On the morning of January 22, 1813, nearly 600 British and Canadians and about 800 Indians attacked the sleeping American soldiers along the River Raisin. Although surprised, the Americans quickly returned fire. In just 20 minutes, the right flank, where the U.S. 17th Infantry was stationed in an open field, was routed and forced to run across the frozen waters of the River Raisin towards Ohio. Of the 400 Americans who ran, about 220 were killed and 147, including General Winchester, were captured. Meanwhile, the American left wing, which included nearly 500 militiamen, continued to fight from behind the Frenchtown picket fence. Successfully repulsing British attacks, the Americans expected the British to ask for a cease-fire when they saw them waving a white flag. The Americans were shocked to find out that the British had instead carried a message of surrender from their General Winchester. After a short negotiation, the remaining American forces surrendered. The British quickly withdrew due to heavy casualties and the expectation that the Americans were soon to be reinforced by General William Henry Harrison's troops, who were along the Maumee River near present-day Toledo. When the British departed, they left the Americans who were too wounded to walk in the homes of Frenchtown inhabitants under the guard of a small British detachment and Indians.
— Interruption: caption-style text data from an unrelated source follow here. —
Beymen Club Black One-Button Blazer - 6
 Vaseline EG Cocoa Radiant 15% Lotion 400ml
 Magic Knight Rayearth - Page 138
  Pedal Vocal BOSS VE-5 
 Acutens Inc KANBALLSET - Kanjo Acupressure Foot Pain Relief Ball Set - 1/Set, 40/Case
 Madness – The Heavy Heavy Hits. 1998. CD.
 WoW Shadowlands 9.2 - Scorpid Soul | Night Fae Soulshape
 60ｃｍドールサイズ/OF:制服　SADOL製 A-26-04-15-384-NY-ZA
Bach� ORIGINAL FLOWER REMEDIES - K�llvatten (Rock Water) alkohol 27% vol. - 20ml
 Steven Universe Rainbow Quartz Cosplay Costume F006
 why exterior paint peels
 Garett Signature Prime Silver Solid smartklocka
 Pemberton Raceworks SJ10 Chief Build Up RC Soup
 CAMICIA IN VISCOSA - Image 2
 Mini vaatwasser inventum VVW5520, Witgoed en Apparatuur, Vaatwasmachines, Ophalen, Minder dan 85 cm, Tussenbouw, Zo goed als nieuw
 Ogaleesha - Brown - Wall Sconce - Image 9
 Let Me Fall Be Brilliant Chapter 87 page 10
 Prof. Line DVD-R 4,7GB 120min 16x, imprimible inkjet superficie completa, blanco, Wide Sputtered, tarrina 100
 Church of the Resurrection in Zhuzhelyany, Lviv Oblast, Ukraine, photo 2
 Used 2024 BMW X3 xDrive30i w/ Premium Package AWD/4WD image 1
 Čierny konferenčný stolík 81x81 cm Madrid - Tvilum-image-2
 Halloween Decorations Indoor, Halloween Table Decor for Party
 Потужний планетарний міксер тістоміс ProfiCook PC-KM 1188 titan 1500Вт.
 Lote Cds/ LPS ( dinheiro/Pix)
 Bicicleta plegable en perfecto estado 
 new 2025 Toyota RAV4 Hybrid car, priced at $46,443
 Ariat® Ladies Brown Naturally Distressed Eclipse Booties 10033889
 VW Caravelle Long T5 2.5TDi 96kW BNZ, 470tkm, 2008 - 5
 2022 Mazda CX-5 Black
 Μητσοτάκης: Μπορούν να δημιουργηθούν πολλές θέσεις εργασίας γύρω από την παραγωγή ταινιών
The morning after the Battle, Indians returned to the River Raisin plundering and burning homes, killing and scalping many of the remaining Americans, and taking others as personal property. Official U.S. estimates of the aftermath include a dozen named individuals killed and up to 30 more who were probably killed in this manner. British estimates put the number at about six.

The Battle ended in what was described as a "national calamity" by then General William Henry Harrison, and later President of the United States. Frenchtown was a desolate settlement for eight months following the battle. American dead were left unburied due to Indian threats;and more homes were burned and plundered. The River Raisin was liberated on September 27, 1813, when Colonel Richard M. Johnson's Kentucky cavalry, guided by men from the Raisin, rode into the settlement. The Americans continued their march north, liberating Detroit and destroying the British-Canadian-Indian coalition in the west at the battle of the Thames, or as Canadians call it, the battle of Moraviantown (near present-day Chatham, Ontario), on October 5, 1813. The battle cry, "Remember the Raisin!" inspired a massive U.S. victory at the Battle, which sealed the War of 1812 in the western theater for the U.S., claimed the life of the great Shawnee leader Tecumseh, and resulted in the end the American Indian Confederation. The Aftermath of the Battles resulted in the implementation of Indian removal from the Northwest Territory at the conclusion of the War of 1812, an aftermath that continues to influence the United States today.


The area where the River Raisin National Battlefield Park is located has been inhabited by many cultures. Located near the confluence of the River Raisin and Lake Erie, the broad expansive marshlands and rich soil, made it a natural place of settlement for the original Native American and later French settlers. Elements of the Pottawatomi, and Wyandot Tribes both called the area their home. When the territory was ceded to the British following the French and Indian Wars, the area was also populated by some British settlers, although French remained the principal language spoken. Following the evacuation of the Northwest Territory by the British in 1796, the area reverted to the United States. British and frontier settlers from Kentucky, Ohio and the Old Northwest Territory clashed during the War of 1812. Following the settlement of the conflict, the area was rapidly populated by many cultures during the period of Westward expansion.